After two Winters with not the first sniffly nose, slight temperature, or feeling slow at any time because something was going on inside, we intend to continue wearing masks when in stores. It's nice not participating in communicable diseases.


----------



## krandall (Jun 11, 2009)

Tom King said:


> After two Winters with not the first sniffly nose, slight temperature, or feeling slow at any time because something was going on inside, we intend to continue wearing masks when in stores. It's nice not participating in communicable diseases.


I was saying the same thing! Same with travelling. I don’t think I will ever get on an airplane again without a mask… and forget all the gratuitous hand shaking with strangers!

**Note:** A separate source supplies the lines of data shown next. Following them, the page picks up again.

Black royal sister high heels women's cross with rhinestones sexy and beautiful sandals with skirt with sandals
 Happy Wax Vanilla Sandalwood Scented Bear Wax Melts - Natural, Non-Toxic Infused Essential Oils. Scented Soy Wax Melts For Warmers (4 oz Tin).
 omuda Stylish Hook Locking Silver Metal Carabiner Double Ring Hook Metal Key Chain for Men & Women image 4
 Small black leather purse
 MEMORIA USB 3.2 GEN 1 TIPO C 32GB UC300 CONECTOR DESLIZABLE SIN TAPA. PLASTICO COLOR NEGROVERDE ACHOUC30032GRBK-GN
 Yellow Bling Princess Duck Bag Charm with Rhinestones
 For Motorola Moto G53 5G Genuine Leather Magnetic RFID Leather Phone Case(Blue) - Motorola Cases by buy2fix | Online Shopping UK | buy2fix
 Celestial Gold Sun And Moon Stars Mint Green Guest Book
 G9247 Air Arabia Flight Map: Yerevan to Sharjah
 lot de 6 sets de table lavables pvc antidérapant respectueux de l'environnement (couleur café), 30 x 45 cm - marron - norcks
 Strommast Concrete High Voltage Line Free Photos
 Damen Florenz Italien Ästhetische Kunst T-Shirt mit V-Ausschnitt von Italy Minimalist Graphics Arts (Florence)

The only “poisonous“ person I don’t think I can (or want to) avoid is my 3 year old grand daughter when she goes back to school… and kids are walking petrie dishes, unfortunately.


----------



## Cassandra (Dec 29, 2015)

California is still requiring masks indoors until June 15, but that may change. I plan to keep wearing mask going into stores after the mandate lifts or some serious checking system is developed. We had our various sports teams doing a good job of requiring vaccine cards or test results, but I don’t trust this new honor system! With kids under 12 in my family, not taking chances and I do not trust accuracy of reporting on breakthru cases, particularly mild ones. Reports that 800-1300 children in Brazil have died of covid are scary. Only about 140 reported in US but Brazil variant seems more potent. SF Bay Area has very high vaccination rates so I feel relatively safe here, but as travel starts again, who knows. Now about those birthday cakes...can not imagine ever eating one where the birthday person has blown all over the cake.


----------



## krandall (Jun 11, 2009)

Cassandra said:


> California is still requiring masks indoors until June 15, but that may change. I plan to keep wearing mask going into stores after the mandate lifts or some serious checking system is developed. We had our various sports teams doing a good job of requiring vaccine cards or test results, but I don’t trust this new honor system! With kids under 12 in my family, not taking chances and I do not trust accuracy of reporting on breakthru cases, particularly mild ones. Reports that 800-1300 children in Brazil have died of covid are scary. Only about 140 reported in US but Brazil variant seems more potent. SF Bay Area has very high vaccination rates so I feel relatively safe here, but as travel starts again, who knows. Now about those birthday cakes...can not imagine ever eating one where the birthday person has blown all over the cake.


No kidding!!!

A good friend of mine just found out that her grandson has Covid. He goes to a private school, but picked it up from another kid in his local neighborhood.


----------



## Mikki (May 6, 2018)

krandall said:


> I was saying the same thing! Same with travelling. I don’t think I will ever get on an airplane again without a mask… and forget all the gratuitous hand shaking with strangers!
> 
> *The only “poisonous“ person I don’t think I can (or want to) avoid is my 3 year old grand daughter when she goes back to school… and kids are walking petrie dishes, unfortunately.*


Yes! they are. We had two move in with us at ages 4 and 7 yrs old (now 15 and 18) and all the adults in the family were constantly catching something. Now the adults are immune all over again from childhood diseases.


----------



## Mikki (May 6, 2018)

Depends on what stores I go into. Walmart for sure I'll be wearing a Mask. A lot depends on how crowded a store is. It's a whole easier shopping without a mask and now that it's hot! - where I am - masks are uncomfortable. It'll be awhile before we'll be comfortable going out to eat at a restaurant other than a grabbing a quick burger at Braums during times where are few people. During the winter I'll be wearing Masks inside grocery stores - for sure. And probably where there are large, close gatherings of people.


----------



## 31818 (Oct 29, 2014)

Everyone locally here in our area of California has stopped wearing masks, indoors, outdoors, anywhere. They are acting like the pandemic is over. Even though masks are required indoors until at least 6/15 the stores aren't enforcing the rule. Yesterday Momi was walking in our neighborhood for exercise, wearing her mask and distancing from other neighbors most of whom were maskless. One maskless female neighbor angrily yelled at her, "masks are no longer required, take off your mask!" which is technically true. Momi wisely ignored her and kept walking along with her mask on. (I would have had a different reaction 🖕 - I was looking for a way to use that emoji)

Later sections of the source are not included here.